抜群の身体能力とは思えないダンサーだが、身体能力に依存しないでダンサーの個性を引き出しているのは、振付のおもしろさもさることながら、コンテンツの多彩さをみごとにひとつの舞台にまとめあげた構成・演出の力が大きい。
梶井基次郎の「檸檬」をもとに自由に膨らませた、5人の女性によるダンスパフォーマンス。
ゴミの中から現れて、美しいものに触発されて戯れ、また元のゴミに還っていくという大きなフレームのなかに、戯れることの楽しさを詰め込んだ。
内容をすっかり忘れてしまった「檸檬」は読んでいないのと同じことだから、そこからの連想はない。勘の鈍い私にはストーリーを必死で読み取るのも苦手だからそれもあきらめ、もっぱら舞台に身をまかせそれぞれのシーンを楽しむという見方になったが、それがとても楽しかった。

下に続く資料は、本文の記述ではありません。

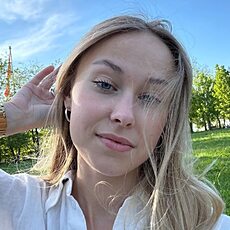 Надя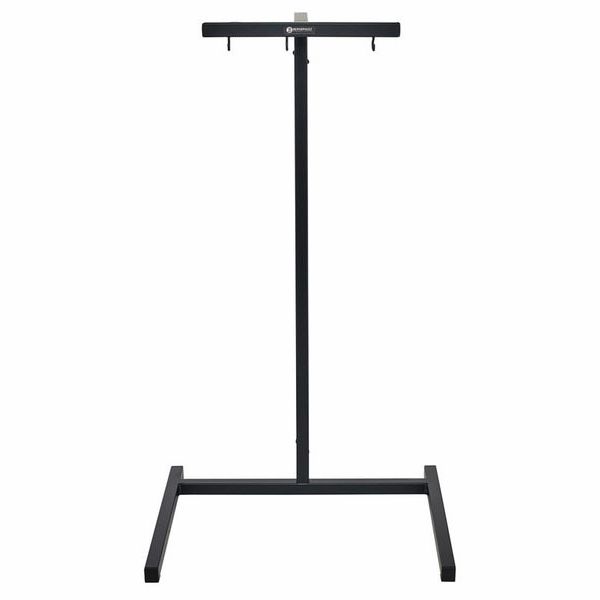 Bergerault SMEDI Gong/TAM Stand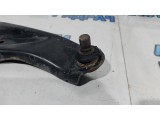 Рычаг передний правый Nissan Leaf 545001KA0B.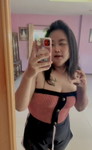 ปนิดา สุมงคล profile icon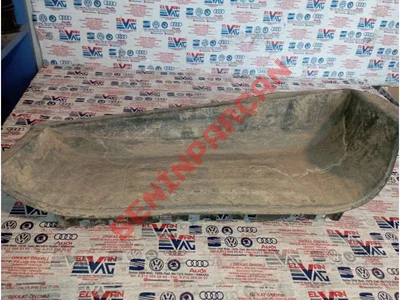 7H0863736D - BASAMAK EKI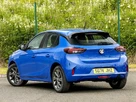 2024-vauxhall-corsa-12i-design-small-1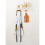 Nandos Grill Aprons for Kitchen BBQ Chef 5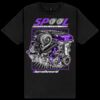 Gildan Unisex Softstyle Tee  Thumbnail
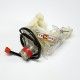 22680000 Extractor tabaco Gm Vending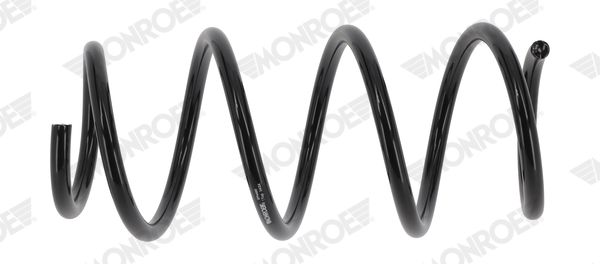 MONROE SP4469 Suspension Spring
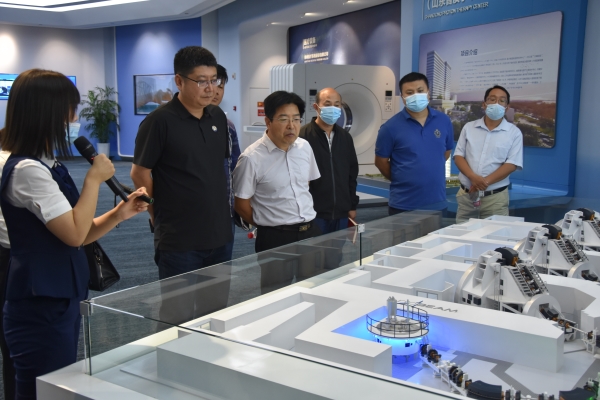 微信图片_20220924142256 微信图片_20220924142256.jpg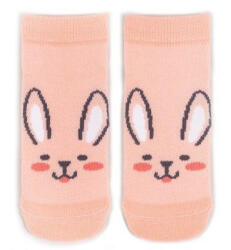  Yo! Gyerek bokazokni 20-22 - nyuszi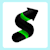 Shopify P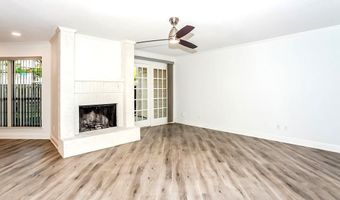16301 Ledgemont Ln 101, Addison, TX 75001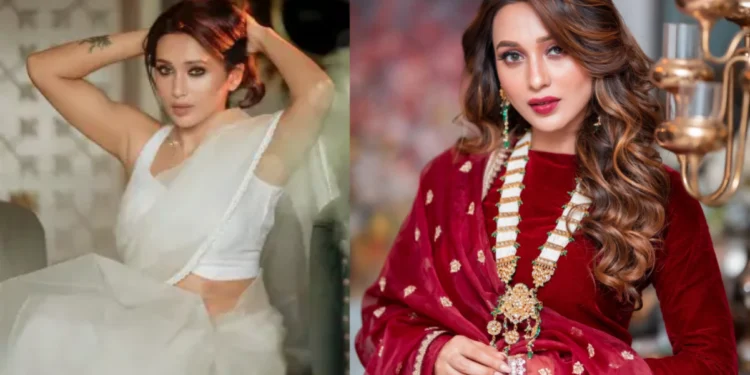Mimi Chakraborty Marriage speculation as reports claim a December wedding in Kalimpong
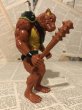 画像2: Thundercats/Action Figure(Jackalman/Loose) (2)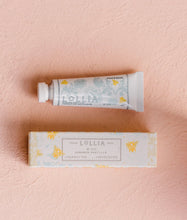Load image into Gallery viewer, LOLLIA: Wish Petite Treat Handcreme
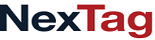 Nextag Software Service Pvt. Ltd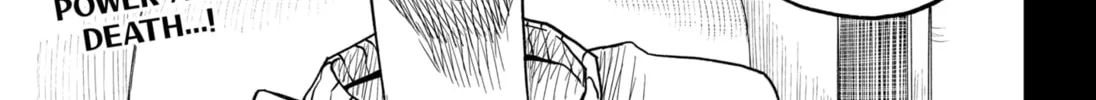 Stage S Chapter 12 page 46 -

原作の「檸檬」からのシーンは、ゴミが舞台にあるなかで演じられるがそれほど長くはない。ゴミが片付けられ舞台一面を覆ったシーツが剥がれ、人物もまとったボロを脱いでいくと、あとは、ゲームのようなものまで広げた自由な世界が展開する。大きな縄跳びをみんなで跳びながらの言葉遊びなど、ダンスの世界から踏み出して、蓋然性を抱えたところまでやってしまうという、そんな幅広さだ。
振付は、ダンサーの身体能力を見定めていて、普通の意味でのダンスの形のよさばかりにはこだわらず、その身体能力の範囲でどう多彩に見せるかに腐心していて、その多彩さは十分に楽しめるから、成功していると言えるだろう。一人一人のダンサーの個性が引き立つフォーメーションなどを見ていると、群舞しかできないミュージカル劇団や、ひとりよがりのコンテンポラリーダンスの貧困さとは一線を画すレベルの高さといえる。ダンサーの身体能力が高まれば、振付の幅がさらに広がり、舞台の楽しさもさらに大きくなるだろう。
この舞台はぽんプラザホールの火曜劇場の参加作品で、きょう1ステージだけ。火曜劇場という企画のおかげでこんな作品を観られるのはうれしい。この舞台が1ステージではもったいない。